BEGIN SOURCE DATA

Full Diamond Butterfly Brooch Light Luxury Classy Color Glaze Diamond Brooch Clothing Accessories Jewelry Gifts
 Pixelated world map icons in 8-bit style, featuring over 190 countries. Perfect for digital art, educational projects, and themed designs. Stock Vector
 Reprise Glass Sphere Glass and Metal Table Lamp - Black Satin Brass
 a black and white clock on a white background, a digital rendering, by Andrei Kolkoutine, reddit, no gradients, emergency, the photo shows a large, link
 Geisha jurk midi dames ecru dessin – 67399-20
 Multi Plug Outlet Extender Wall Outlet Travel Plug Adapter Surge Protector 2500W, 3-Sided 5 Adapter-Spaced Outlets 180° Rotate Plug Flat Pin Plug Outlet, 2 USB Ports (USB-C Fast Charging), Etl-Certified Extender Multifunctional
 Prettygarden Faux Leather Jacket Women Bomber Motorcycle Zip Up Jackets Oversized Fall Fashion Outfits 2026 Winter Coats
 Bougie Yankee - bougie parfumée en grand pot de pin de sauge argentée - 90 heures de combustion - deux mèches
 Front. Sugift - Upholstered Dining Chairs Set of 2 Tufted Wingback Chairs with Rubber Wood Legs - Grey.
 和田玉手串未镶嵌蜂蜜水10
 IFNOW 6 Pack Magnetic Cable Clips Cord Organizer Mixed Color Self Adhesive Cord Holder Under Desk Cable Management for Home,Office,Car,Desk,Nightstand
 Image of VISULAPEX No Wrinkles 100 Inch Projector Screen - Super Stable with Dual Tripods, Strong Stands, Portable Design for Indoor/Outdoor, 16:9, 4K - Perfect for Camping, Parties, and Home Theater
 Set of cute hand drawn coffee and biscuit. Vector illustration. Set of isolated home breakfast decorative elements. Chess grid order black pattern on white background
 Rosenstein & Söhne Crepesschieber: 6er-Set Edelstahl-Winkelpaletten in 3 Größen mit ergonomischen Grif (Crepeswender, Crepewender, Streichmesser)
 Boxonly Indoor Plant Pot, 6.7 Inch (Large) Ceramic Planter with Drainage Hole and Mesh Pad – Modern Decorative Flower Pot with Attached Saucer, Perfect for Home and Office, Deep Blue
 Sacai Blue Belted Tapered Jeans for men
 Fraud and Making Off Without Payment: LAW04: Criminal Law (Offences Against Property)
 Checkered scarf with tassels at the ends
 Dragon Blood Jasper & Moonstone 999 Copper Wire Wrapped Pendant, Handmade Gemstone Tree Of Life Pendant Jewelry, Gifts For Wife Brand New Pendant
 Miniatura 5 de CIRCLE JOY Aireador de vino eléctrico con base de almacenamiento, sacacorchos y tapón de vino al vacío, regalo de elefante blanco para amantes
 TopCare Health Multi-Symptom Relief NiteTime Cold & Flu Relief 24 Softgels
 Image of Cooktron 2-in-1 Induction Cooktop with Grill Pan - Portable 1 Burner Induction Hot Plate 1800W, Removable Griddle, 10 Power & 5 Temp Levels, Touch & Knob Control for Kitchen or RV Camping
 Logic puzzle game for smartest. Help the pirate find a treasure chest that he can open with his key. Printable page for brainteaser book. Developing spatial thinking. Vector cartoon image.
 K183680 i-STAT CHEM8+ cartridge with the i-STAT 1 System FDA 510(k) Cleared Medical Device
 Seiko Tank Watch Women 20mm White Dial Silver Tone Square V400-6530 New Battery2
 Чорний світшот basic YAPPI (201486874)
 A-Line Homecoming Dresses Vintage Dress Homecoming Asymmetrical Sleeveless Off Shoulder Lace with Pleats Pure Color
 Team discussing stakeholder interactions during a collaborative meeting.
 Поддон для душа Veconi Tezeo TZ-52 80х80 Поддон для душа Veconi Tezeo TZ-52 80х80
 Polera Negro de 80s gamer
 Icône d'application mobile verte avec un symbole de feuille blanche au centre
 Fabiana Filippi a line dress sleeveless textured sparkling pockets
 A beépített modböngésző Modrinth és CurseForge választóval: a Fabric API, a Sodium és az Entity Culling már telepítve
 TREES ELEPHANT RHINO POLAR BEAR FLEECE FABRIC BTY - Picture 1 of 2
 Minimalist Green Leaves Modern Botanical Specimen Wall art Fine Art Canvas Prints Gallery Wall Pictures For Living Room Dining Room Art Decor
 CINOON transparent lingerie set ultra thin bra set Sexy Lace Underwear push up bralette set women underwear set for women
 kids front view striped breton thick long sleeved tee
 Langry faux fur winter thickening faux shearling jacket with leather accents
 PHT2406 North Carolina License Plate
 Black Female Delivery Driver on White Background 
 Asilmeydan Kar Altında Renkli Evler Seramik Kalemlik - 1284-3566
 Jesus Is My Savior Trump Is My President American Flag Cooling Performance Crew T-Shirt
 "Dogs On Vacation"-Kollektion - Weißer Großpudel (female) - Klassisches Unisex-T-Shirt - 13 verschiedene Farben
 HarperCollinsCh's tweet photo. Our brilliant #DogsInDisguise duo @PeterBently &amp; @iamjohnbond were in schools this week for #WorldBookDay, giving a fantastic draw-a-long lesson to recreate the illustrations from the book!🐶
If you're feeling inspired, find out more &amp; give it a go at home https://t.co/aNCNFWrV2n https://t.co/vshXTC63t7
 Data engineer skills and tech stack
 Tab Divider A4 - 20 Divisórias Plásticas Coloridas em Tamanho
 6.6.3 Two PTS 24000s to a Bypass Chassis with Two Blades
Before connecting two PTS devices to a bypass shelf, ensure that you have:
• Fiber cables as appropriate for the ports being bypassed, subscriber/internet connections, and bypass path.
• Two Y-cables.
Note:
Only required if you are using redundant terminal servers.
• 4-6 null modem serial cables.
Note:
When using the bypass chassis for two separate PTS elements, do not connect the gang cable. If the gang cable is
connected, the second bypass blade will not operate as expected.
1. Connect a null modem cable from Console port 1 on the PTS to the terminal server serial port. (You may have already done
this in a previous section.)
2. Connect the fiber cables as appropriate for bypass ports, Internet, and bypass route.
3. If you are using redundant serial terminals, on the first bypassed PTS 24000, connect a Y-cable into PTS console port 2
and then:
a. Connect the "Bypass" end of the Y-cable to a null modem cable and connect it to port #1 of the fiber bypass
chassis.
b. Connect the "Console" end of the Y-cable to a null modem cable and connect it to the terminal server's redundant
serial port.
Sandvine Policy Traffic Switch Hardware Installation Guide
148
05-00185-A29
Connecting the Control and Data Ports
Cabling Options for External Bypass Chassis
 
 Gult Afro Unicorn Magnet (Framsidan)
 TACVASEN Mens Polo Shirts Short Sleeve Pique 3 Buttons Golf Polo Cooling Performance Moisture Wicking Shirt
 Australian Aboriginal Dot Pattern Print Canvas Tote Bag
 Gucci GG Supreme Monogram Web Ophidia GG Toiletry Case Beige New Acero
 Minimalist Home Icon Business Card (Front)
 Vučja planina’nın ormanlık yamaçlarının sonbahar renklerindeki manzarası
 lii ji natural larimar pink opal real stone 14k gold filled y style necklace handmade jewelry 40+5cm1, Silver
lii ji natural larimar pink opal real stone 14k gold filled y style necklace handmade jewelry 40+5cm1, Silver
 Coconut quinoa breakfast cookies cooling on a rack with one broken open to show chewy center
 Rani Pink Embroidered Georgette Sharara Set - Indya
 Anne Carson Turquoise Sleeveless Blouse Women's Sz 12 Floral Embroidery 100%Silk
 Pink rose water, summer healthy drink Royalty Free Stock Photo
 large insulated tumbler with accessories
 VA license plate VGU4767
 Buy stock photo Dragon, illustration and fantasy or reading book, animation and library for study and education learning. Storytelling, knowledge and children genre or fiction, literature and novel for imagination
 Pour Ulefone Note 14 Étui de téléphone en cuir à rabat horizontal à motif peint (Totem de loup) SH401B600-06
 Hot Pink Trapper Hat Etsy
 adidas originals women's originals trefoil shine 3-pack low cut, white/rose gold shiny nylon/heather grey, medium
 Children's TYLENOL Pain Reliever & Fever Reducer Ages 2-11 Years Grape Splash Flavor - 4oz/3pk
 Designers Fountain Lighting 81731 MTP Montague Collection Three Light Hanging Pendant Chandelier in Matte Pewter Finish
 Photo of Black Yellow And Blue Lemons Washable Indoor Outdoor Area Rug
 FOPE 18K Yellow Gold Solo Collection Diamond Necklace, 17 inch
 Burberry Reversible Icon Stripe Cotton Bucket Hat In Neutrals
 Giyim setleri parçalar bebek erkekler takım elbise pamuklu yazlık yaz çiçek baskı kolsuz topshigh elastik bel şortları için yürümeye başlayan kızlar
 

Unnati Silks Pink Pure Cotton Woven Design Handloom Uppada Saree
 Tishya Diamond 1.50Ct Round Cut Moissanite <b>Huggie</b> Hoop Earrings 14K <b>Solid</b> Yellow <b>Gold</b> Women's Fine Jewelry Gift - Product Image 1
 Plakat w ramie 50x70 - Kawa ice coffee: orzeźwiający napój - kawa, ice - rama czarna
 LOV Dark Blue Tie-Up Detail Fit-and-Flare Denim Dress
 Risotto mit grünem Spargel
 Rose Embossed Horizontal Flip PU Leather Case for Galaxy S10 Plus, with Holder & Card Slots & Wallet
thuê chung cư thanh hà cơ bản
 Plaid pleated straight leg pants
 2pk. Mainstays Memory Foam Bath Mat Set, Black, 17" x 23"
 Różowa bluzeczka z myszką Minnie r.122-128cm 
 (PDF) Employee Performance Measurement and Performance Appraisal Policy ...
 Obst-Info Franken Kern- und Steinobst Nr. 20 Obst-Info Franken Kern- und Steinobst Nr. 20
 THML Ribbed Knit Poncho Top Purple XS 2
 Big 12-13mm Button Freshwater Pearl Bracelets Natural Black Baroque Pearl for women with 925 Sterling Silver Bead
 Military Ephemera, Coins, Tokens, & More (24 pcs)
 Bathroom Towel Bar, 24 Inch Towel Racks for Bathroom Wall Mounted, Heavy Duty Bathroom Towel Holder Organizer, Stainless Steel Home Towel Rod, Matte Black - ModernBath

END SOURCE DATA

Write out only the lines from the very start of the entries above to the line that includes "Set of cute", both ends included, each one unchanged.

**REPLY TO THE EXERCISE:**
Full Diamond Butterfly Brooch Light Luxury Classy Color Glaze Diamond Brooch Clothing Accessories Jewelry Gifts
 Pixelated world map icons in 8-bit style, featuring over 190 countries. Perfect for digital art, educational projects, and themed designs. Stock Vector
 Reprise Glass Sphere Glass and Metal Table Lamp - Black Satin Brass
 a black and white clock on a white background, a digital rendering, by Andrei Kolkoutine, reddit, no gradients, emergency, the photo shows a large, link
 Geisha jurk midi dames ecru dessin – 67399-20
 Multi Plug Outlet Extender Wall Outlet Travel Plug Adapter Surge Protector 2500W, 3-Sided 5 Adapter-Spaced Outlets 180° Rotate Plug Flat Pin Plug Outlet, 2 USB Ports (USB-C Fast Charging), Etl-Certified Extender Multifunctional
 Prettygarden Faux Leather Jacket Women Bomber Motorcycle Zip Up Jackets Oversized Fall Fashion Outfits 2026 Winter Coats
 Bougie Yankee - bougie parfumée en grand pot de pin de sauge argentée - 90 heures de combustion - deux mèches
 Front. Sugift - Upholstered Dining Chairs Set of 2 Tufted Wingback Chairs with Rubber Wood Legs - Grey.
 和田玉手串未镶嵌蜂蜜水10
 IFNOW 6 Pack Magnetic Cable Clips Cord Organizer Mixed Color Self Adhesive Cord Holder Under Desk Cable Management for Home,Office,Car,Desk,Nightstand
 Image of VISULAPEX No Wrinkles 100 Inch Projector Screen - Super Stable with Dual Tripods, Strong Stands, Portable Design for Indoor/Outdoor, 16:9, 4K - Perfect for Camping, Parties, and Home Theater
 Set of cute hand drawn coffee and biscuit. Vector illustration. Set of isolated home breakfast decorative elements. Chess grid order black pattern on white background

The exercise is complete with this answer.